Como yo no he sido cura en mi vida, ni llevo ya camino de serlo, ignoro hasta qué punto decía bien el futuro novelista de sotana; pero sí me atrevo a señalar en el cura Polo de Tormento un cura muy probable, dibujado con gran prudencia y con un vigor a que nos tienen poco acostumbrados nuestros autores. El mismo Galdós, siempre fuerte, ha hecho pocas figuras de tanto relieve como esta. Poco habla Polo en Tormento, y sus fechorías no aparecen en la novela, pertenecen a lo pasado, y aquí sólo se ven tentativas de reincidencia, una lucha real, tremenda y noble y grande en el fondo, entre la pasión y los instintos generosos.

Polo no es el apóstata trascendental que se separa de la Iglesia por cuestión de creencias; no es el Abelardo de ópera: es el cura que se deja crecer la barba por el alma y por la cara; el clérigo que   —71→   cría maleza, que tira al estado primitivo por fuerzas del temperamento, por equivocar la vocación, no por llevar la contraria al celibato eclesiástico, ni a Gregorio XVI, ni al Concilio de Trento, ni a la Clementina única.

Polo no es un reformista: es un irregular. Le retiran las licencias ¡bueno!, y poco a poco se va convirtiendo en un oso con ictericia. No le queda de bueno más que la caridad; pero eso no basta.

Polo en su guarida, en su guardilla, que recuerda a su modo la torre de Segismundo, enamorado como quien tiene la rabia, sueña con la vida de la fiera y aspira a salir de las convenciones que le atan como redes sutiles, poniendo tierra por medio; cree que allá muy lejos ya no es crimen lo que es crimen aquí, que las leyes que aquí parecen necesarias no rigen en otras regiones. Esta tendencia a la libertad por la geografía es una observación profunda, que Galdós expone magistralmente.

Lo mejor del libro, por lo menos lo de más fuerza, es la lucha entre Polo, Tormento y el padre Nones, sobre todo, la escena de la acometida del clérigo ciego de pasión, y el contraste de su criada enferma. Lo que vale todo aquello, la fuerza de verdad que hay allí, el interés que despierta, mejor se siente al leer que después se explica.

El cura Polo no prueba nada, ni quiere probar nada, ni siquiera encarna ese pedantesco sublime de   —72→   la mala voluntad, porque en el fondo es un bendito que se deja, si no convencer, prender y llevar por el padre Nones; no es ni más ni menos que un hombre de carne y hueso, de los pocos que tiene la literatura española contemporánea.
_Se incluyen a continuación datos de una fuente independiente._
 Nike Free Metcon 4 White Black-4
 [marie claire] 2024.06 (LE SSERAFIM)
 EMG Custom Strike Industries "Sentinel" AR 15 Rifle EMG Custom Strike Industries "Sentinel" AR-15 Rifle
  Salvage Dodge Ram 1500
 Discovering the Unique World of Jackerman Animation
Agustín Caballero, el indiano, también es un personaje real, observado y pintado con fuerza y corrección, con más corrección que fuerza. No tiene el relieve de Polo, porque su carácter es de medias tintas: viene cansado de luchar en la vida, y el amor, el orden, el hogar honrado, todos estos deseos suyos no son más que fórmulas de su afán de reposo. La frialdad de sus amores es una primorosa y hábil expresión de su carácter, y prueba de que Galdós ahonda más y más cada día en la realidad para arrancarle sus secretos; esos secretos que saltan a los ojos y que, sin embargo, sólo ven los grandes observadores artistas.

Bringas, o sea Thiers, la mujer de caoba, la hermana de Amparo, el padre Nones y demás figuras secundarias, son todas de movimiento, hablan y se portan como los mortales de su orden, y contribuyen a la vida de realidad del cuadro en su conjunto.
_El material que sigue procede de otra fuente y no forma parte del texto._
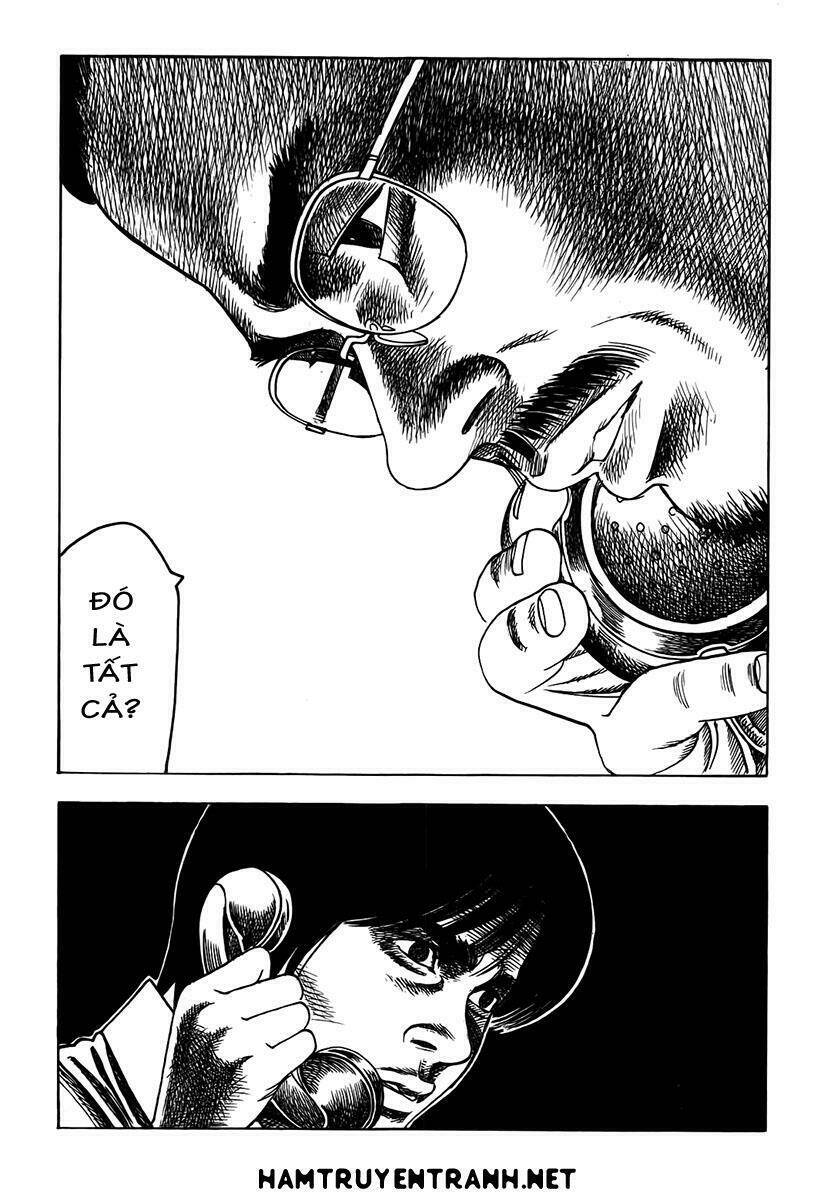 Yomawari Sensei Chương 11 Ảnh 18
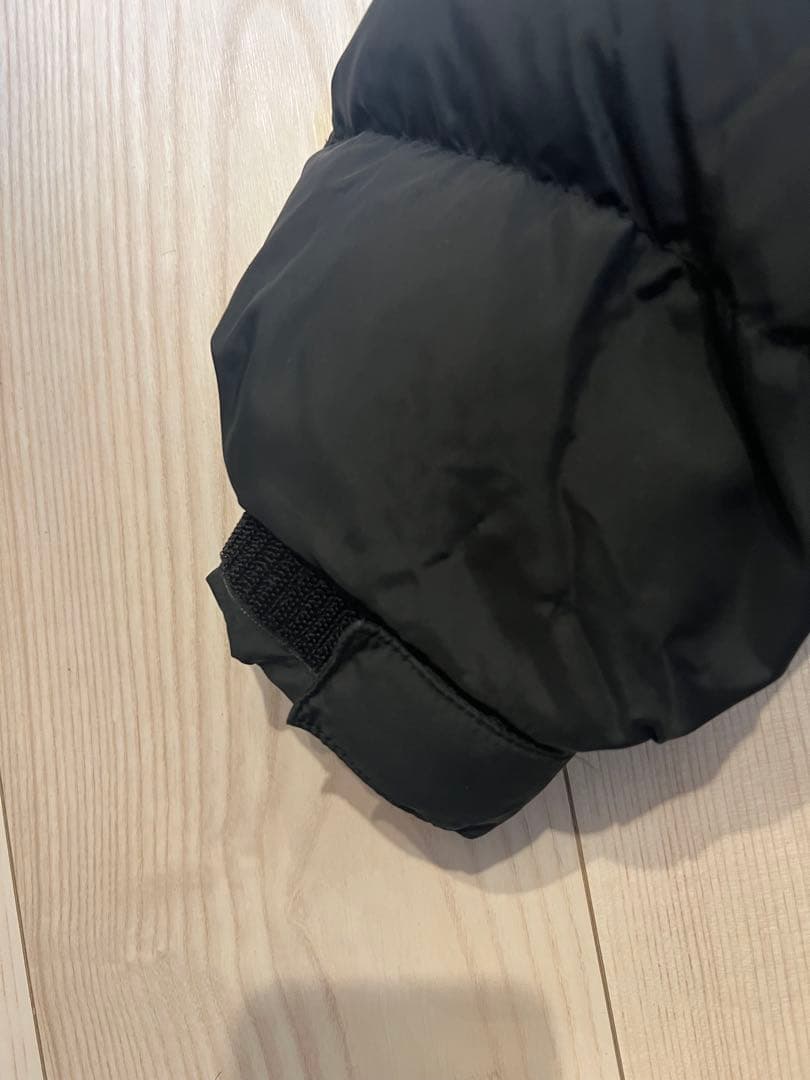 AXEL ARIGATO ダウンジャケット ブラック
La acción, creada en las entrañas de la lógica de los caracteres y de su ambiente social, es sencilla, natural, sin pueriles simbolismos ni combinaciones artificiosas. Sabe a poco, pero es porque Tormento es   —73→   un acto de un drama, o mejor, un episodio de una historia natural de nuestra fauna bautizada. Es claro que el lector queda con deseos de saber lo que sucede a los Bringas después que Tormento, no pudiendo ser la esposa de Agustín es su querida. Los planes interesantes, oscuros y muy bien desfumados de Rosalía la ambiciosa piden consecuencias que no cabrían en la novela de Tormento. Para esto, esperemos la de los Bringas.

No diré yo que el último libro de Galdós sea el mejor de los suyos, pero sí que señala nuevos progresos en sus facultades de gran novelista, de novelista de la raza poco abundante de los que Taine considera colaboradores de la ciencia (sin salir jamás del arte), para el estudio del alma humana y sus complicadas relaciones en la convivencia social.

Galdós ve más y refleja mejor cada día; tal vez esto le enajene al cabo las simpatías de cierta clase de crítica, y hasta de cierta clase de público. Pero no le importe. Él y el arte español ganan, si sigue el autor de Tormento el camino por donde ahora va, delante de todos los españoles.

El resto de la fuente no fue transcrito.